Mario Alberto Cháve

Blog personal desarrollo de software

desarrollo

Full-text search with SQLite and Rails

Today, I planned to move a few small Ruby on Rails applications with Heroku using Kamal onto a single server. All applications use PostgreSQL as the database because it is simple to use with Heroku and because they take advantage of Postgres’ full-text search.

Because of the size and usage of those applications, I was not convinced that I wanted to manage my own PostgreSQL server or pay for a managed service. So, I started to consider replacing the database with SQLite. At least in my feed at X, I have seen so many posts in the past few months on how good and fast it is.

I wanted something like the pg_search gem, where I could define a scope name and the fields to be indexed. On the SQLite side, I found that it has an extension called FTS5, which is defined as:

FTS5 is an SQLite virtual table module that provides full-text search functionality to database applications. In their most elementary form, full-text search engines allow the user to efficiently search a large collection of documents for the subset that contains one or more instances of a search term.

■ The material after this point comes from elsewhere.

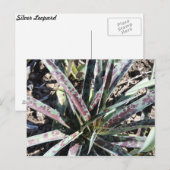 Silver Leopard # 3 Postkarte (Vorne/Hinten)
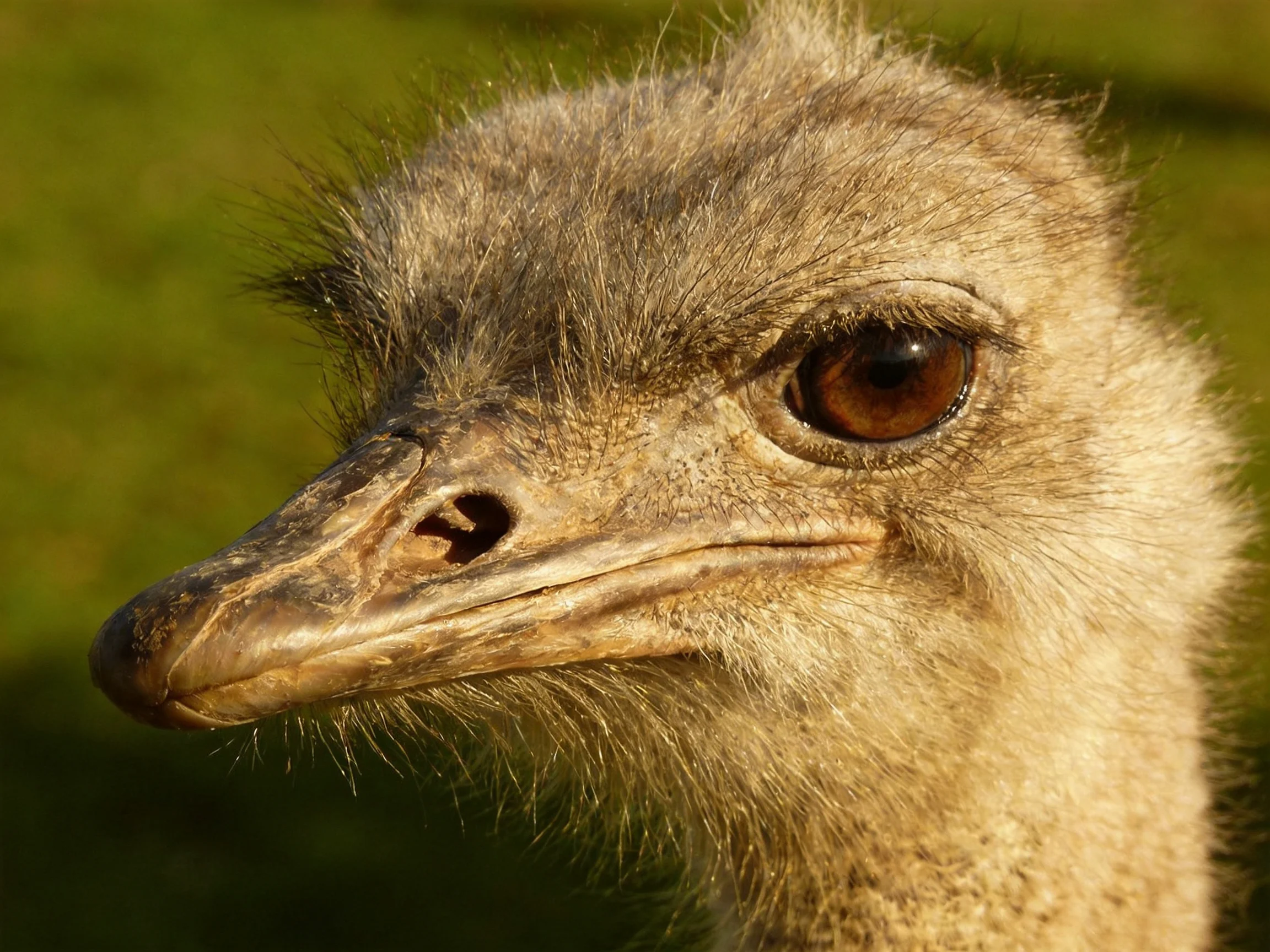 A young ostrich chick with soft brown feathers and large eyes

The search functionality provided to World Wide Web users by Google is, among other things, a full-text search engine, as it allows users to search for all documents on the web that contain, for example, the term “fts5”.

This looked promising, so I started implementing a quick and dirty solution for my needs. Starting from a model Post with title and content attributes, I want to define a full_search scope and indicate the attributes to index for full-text search.

Something like this:

class Post < ApplicationRecord
  include SqliteSearch

  search_scope(:title, :content)
end

Where SqliteSearch is the module that does the heavy work. Before continuing with the implementation, there are decisions to be made regarding how to store the indexed data in the database. A virtual table is required to store the indexed data; one option is to create a single table for this purpose with a record_type and record_id fields to identify the data per model type, just like the way it works for ActiveStorage or ActionText in Rails.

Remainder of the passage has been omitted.